黑夜,战场上早已经陷入了一片寂静之中。他睁开了双眼,疑惑地望着那片完全陌生的天空。似乎做了一场梦,他从梦中醒来,发现这夜风干冷的快要把人冻僵。
他张开嘴巴想要痛骂,可是嘴巴却生痛。张了张嘴无奈的干咳几声,他试图从地上爬起来,全身骨骼无一处不在发出呻吟,他伸出手摸索着,摸到了一条湿漉漉,柔软冰凉的物体,也不知道是什么。他死命拽住,全身似乎都发出不堪重负的吱呀声。
费了九牛二虎之力,他总算从这个该死的土坑里爬了出来。扶着那个借力的物体,借着忽明忽暗的火光仔细看去。他惊惧的发现,那赫然是一只断手。断茬上还很新鲜,惨白的骨骼裸露着,失去血色的死肉像是恶魔的大嘴,不断的刺激着他的视觉神经。他像被火烧着了一样,将那截断手扔出好远。伏在地上,拼命抠挖着自己的喉咙,却发现自己什么也吐不出来。
他喘着粗气,茫然四顾着。脑子里似乎有什么东西在鬼喊鬼叫,可是他却听不明白那东西到底在说些什么。过了好久,他才明白那东西说得话。这是一种很玄妙的感觉,他明明不懂这种鸟语。可是似乎烙印在自己灵魂里的一样,他却清楚的明了那句话的意思。它在自己脑海里喊得是:“回家,回家!”

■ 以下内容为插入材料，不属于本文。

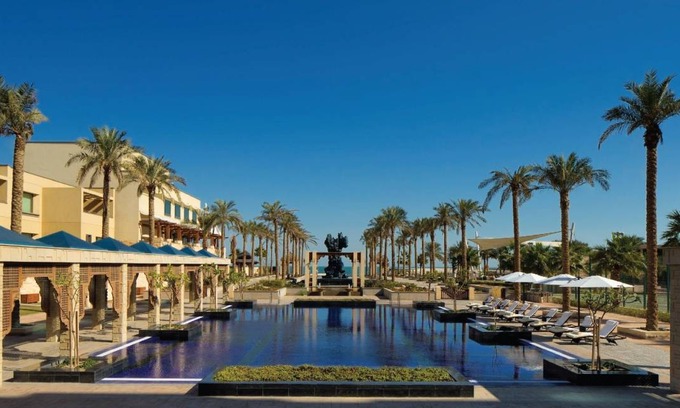 Messilah Hotel | 450 m² Hotel ∙ 5 bedrooms ∙ 127 guests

“回家?”他摸了摸后脑勺,心道:“可是家在哪儿?”他迈了一步,却被地上的凸起绊了一个踉跄。跌跌撞撞的向前走了几步,失去平衡的身体终于扑倒在地。双手深深的插进一团泥泞之中。同时,一股恶臭灌进了他的鼻腔。他费力得把手从那泥泞中拔出来,手上黏糊糊,滑腻腻得,他将手凑到眼前,勉强能够看清,这赫然是满手的污血。
“这******到底是哪儿?”
那种奇异的感觉再次浮上心头。他明明不懂这语言,却能够深刻的明了他的意思。仿佛这是一种与生俱来的能力,这种感觉让他恐惧又无助。再次爬起来,跌跌撞撞的凭借着本能,翻过一条低矮的墙,跑到一片空旷无人的荒野上。
远处出现了一片灯火,他心想,那大概是有一个城市吧。他向着那座城市走去。越过炮弹犁出的深沟,越过烈火烤得焦黄的枯草,越过黧黑的土壤,越过一条潺潺的小溪,他来到了一片平坦的高地上。眼前不远处,是一顶顶紧紧挨着的帐篷。密密麻麻,将他的视野内全部填满。星星点点,明亮跳跃的火苗,仿佛比天上的繁星还要多,在他的视网膜上留下一点点红痕。他揉着眼睛,迟疑着,绕开了营门,心里有种熟悉的感觉,催促着他前行。可是他的本心,却禁止这种冒险举动。他暂时将心中的本能屏蔽,迈着僵硬的步伐,转向。贴着粗陋的木栅栏,漫无目的得游荡。
“这里……究竟是哪儿?”他咕哝着,反正没有人能够回答。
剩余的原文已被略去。